Finalmente possono stare in un bel prato a giocare. Un gruppo di bambini e bambine al centro di un prato illuminato dal sole. Si tengono per mano e stanno compiendo un girotondo. Le bambine indossano vesti leggere e dai colori sgargianti. Al centro del dipinto un grande albero dai rami contorti. Inoltre, altri alberi in fiore circondano il loro gioco. In primo piano, siedono due di loro, assorti in un altro gioco. Il sole filtra tra le foglie e illumina a tratti l’erba in primo piano. Sul fondo, invece, il prato è in piena luce. L’orizzonte è chiuso dalle colline che si alzano verso il cielo nel quale corrono piccole nubi bianche. La scena è ambientata nel prato verde, rigoglioso, luminoso, vicino casa di Giuseppe, che ferma con tanti fili di colore quella bella luce di primavera, con i suoi colori tenui e luminosi, in un girotondo … e sì, perché anche la cornice del quadro è un cerchio dorato!

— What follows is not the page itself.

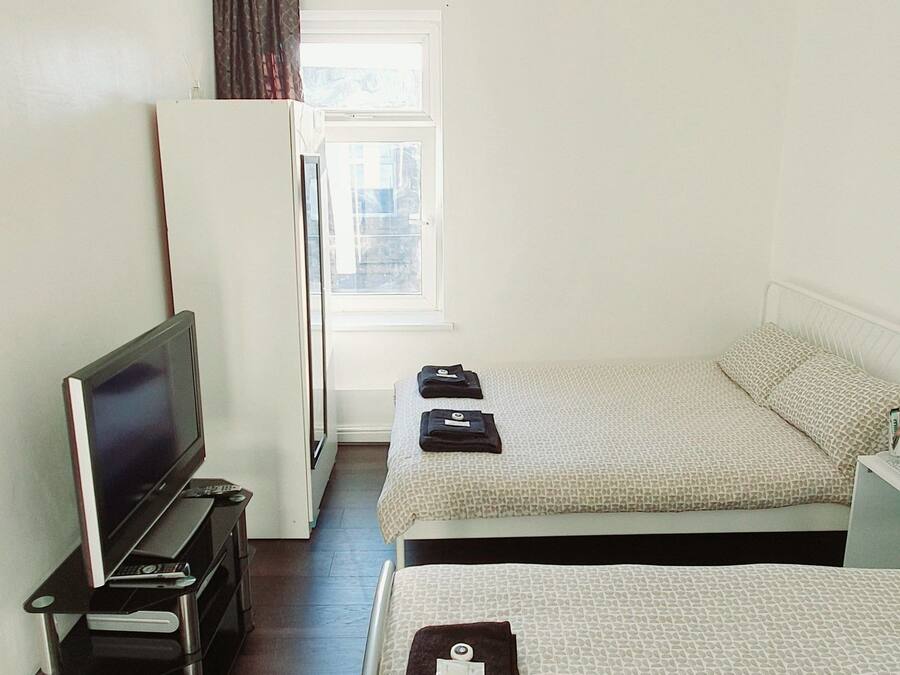 Deluxe King Ensuite | Een bureau, een strijkplank/strijkijzer, gratis wifi, beddengoed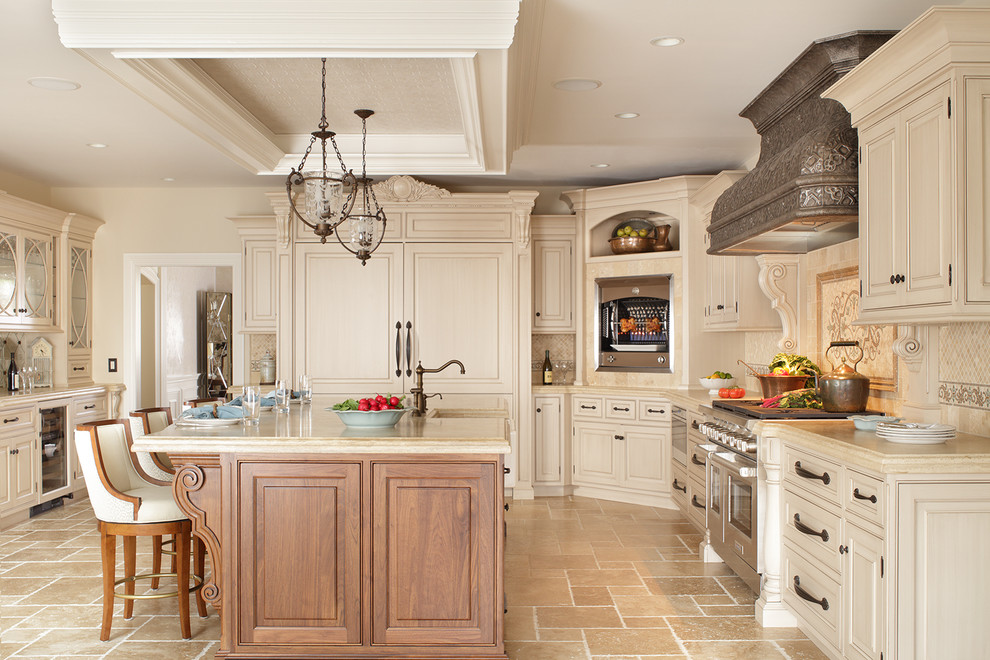 Classic l-shaped kitchen in New York with beaded cabinets, beige cabinets, beige splashback and an island.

Lei è Luce! Mi direte: lei chi? Ci sono tanti rettangolini colorati! Ma se osserverete con attenzione, scoprirete la sagoma di Luce. Ha solo otto anni e come tutte le bambine e i bambini della sua età è sempre in movimento. Caso vuole che Giacomo, il papà di Luce, amasse il movimento più di ogni altra cosa e fosse capace di raccontarlo persino in pittura. Ecco quindi Luce che corre sul balcone di casa, e uno, tre, dieci stivaletti neri in movimento! Parliamo di Futurismo, ovviamente, e l’opera è esposta al Museo del Novecento di Milano.
Loro si chiamano Centa e Maria, e il titolo del dipinto che le rappresenta calza a pennello con questo lunedì mattina: “Chiusi fuori di scuola”. Si trovano in una piccola sala all’ultimo piano della Pinacoteca Ambrosiana, assieme ad altri meravigliosi ritratti e dipinti di fine Ottocento. Il Museo a breve riaprirà e spero di portarvi presto, ma le scuole resteranno chiuse per una settimana.
La piccola Centa non sembra annoiata, ma Maria sembra annoiarsi. Come trascorrerete le vostre giornate bambini? Un suggerimento: provate a guardare un bel libro d’arte, prendete fogli, pastelli e materiale da riciclo e, perchè no, allestite un piccolo museo in casa.